AI Prompt: Individual Stock Analysis
Company Selection Strategy
This is our non-negotiable first step. We are not comparing companies yet; we are holding them to an absolute, high standard of business quality. A company must pass all of these tests to be considered a potential "compounder." This is where we filter out the vast majority of the market.
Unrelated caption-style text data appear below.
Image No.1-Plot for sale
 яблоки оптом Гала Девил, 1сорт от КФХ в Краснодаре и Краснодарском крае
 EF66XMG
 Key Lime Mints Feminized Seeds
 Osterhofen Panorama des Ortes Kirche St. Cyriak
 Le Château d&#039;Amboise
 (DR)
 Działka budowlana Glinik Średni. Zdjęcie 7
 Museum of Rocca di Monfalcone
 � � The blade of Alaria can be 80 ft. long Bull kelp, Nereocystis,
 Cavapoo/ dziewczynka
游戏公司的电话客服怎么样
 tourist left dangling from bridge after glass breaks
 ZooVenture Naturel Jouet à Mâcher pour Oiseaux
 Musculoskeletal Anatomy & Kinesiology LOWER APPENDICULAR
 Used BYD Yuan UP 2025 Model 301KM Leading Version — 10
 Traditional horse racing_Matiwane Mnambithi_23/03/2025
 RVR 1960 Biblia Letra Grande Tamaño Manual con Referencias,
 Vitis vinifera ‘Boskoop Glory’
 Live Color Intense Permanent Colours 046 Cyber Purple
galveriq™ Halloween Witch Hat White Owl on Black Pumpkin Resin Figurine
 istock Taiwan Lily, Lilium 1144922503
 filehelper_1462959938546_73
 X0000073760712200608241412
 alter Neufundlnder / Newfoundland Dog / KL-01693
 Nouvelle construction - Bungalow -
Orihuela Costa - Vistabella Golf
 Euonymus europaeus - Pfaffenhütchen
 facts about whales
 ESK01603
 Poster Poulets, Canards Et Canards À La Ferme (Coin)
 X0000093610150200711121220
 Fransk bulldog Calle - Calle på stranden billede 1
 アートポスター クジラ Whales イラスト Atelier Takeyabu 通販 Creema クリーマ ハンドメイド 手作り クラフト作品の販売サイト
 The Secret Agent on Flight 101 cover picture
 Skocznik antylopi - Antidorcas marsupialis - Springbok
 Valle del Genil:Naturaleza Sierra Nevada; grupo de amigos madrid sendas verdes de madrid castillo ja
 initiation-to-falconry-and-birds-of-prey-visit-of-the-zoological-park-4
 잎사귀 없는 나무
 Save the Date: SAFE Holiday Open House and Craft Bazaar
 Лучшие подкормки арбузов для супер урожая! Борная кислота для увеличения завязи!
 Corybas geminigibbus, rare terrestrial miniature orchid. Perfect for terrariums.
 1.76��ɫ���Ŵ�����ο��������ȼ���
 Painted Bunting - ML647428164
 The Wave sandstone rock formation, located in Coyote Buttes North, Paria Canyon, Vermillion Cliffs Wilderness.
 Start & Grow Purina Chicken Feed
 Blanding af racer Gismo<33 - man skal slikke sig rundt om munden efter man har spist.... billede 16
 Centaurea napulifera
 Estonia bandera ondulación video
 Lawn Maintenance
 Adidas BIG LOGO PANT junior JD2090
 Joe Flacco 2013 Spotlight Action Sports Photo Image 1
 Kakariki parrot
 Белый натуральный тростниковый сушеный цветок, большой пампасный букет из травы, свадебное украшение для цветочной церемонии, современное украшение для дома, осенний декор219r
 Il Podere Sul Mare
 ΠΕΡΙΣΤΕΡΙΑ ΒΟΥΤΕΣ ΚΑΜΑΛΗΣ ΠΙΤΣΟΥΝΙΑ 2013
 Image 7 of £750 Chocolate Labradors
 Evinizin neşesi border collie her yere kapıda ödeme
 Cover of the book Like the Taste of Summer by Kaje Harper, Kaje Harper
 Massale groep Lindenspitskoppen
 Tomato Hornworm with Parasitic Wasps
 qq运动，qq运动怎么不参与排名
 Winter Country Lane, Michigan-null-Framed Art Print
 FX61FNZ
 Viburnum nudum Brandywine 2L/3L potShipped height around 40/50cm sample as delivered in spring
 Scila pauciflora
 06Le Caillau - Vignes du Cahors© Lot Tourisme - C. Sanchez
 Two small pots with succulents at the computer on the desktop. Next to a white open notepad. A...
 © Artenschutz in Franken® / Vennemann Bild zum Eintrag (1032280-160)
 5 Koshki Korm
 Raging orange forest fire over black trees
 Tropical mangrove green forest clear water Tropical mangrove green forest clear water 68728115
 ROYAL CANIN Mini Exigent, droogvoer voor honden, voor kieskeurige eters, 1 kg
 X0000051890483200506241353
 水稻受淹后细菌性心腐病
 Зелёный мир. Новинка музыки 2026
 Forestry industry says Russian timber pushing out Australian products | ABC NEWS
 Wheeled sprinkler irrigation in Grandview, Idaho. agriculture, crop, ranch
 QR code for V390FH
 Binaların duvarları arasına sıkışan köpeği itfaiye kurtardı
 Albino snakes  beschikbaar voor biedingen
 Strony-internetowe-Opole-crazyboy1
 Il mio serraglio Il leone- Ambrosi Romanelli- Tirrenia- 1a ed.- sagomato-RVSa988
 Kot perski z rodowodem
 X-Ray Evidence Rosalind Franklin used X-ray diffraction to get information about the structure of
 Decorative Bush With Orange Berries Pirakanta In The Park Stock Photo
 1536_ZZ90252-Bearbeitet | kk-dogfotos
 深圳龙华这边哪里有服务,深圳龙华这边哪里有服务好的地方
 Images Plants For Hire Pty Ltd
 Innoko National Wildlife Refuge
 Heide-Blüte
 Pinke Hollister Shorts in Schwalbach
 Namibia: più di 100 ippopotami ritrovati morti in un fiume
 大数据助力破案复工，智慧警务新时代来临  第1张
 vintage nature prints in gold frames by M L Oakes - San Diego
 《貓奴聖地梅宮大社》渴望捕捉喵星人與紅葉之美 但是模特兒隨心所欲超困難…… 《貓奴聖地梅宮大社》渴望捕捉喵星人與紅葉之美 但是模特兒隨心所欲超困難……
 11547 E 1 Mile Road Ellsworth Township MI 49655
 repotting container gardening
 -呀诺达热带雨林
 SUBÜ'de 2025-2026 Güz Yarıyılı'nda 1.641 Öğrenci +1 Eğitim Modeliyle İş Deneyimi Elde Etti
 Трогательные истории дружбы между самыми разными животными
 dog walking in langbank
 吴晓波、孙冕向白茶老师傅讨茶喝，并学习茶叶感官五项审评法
Metric | Threshold | Why It's Critical (The "Gauntlet" Entrance) |
---|---|---|
1. Return on Invested Capital (ROIC) | > 15% (5-yr average) | This is the single most important metric. It is a truer measure of profitability than ROE, as it includes debt financing. A high and stable ROIC is the clearest quantitative sign of a durable competitive advantage, or "moat." |
2. Gross Margin | > 40% | Refined Metric. High gross margins indicate pricing power and a differentiated product. Software companies should be >70%; industrial companies might be lower, but we still demand a healthy margin. |
3. Debt-to-EBITDA | < 3.0x | Refined Metric. Debt-to-Equity can be misleading in asset-light businesses. Debt-to-EBITDA is a pure cash flow leverage metric, ensuring the company has a fortress balance sheet. |
4. FCF Conversion Rate | > 80% (5-yr average) | Unchanged. This ensures reported earnings are real and backed by cash, filtering out companies with aggressive accounting. |
For the elite companies that passed Step 1, we now want to identify which ones have the strongest momentum and growth prospects. This is where we integrate your disciplined, peer-comparison methodology. We will rank the "survivors" against each other.
The Growth & Momentum Scorecard:
Metric | What It Measures | How to Score It | Weight |
---|---|---|---|
1. Revenue Growth (3-yr CAGR) | The demand for the company's products/services. | Rank from highest to lowest. Top quartile gets 3 points, second quartile 2, third 1, bottom 0. | 50% |
2. EPS Growth (3-yr CAGR) | Profit growth and operating leverage. | Rank from highest to lowest. Top quartile gets 3 points, second 2, etc. | 30% |
3. FCF Yield | Cash generation relative to price. | Rank from highest to lowest. Top quartile gets 3 points, second 2, etc. | 20% |
Calculate the Weighted Score. The companies in the top half of this ranking represent the best of the best: high-quality businesses with proven, accelerating growth.
Why this is superior:
- Sequencing: We only look at growth after confirming quality. This prevents us from chasing fast-growing but fragile businesses.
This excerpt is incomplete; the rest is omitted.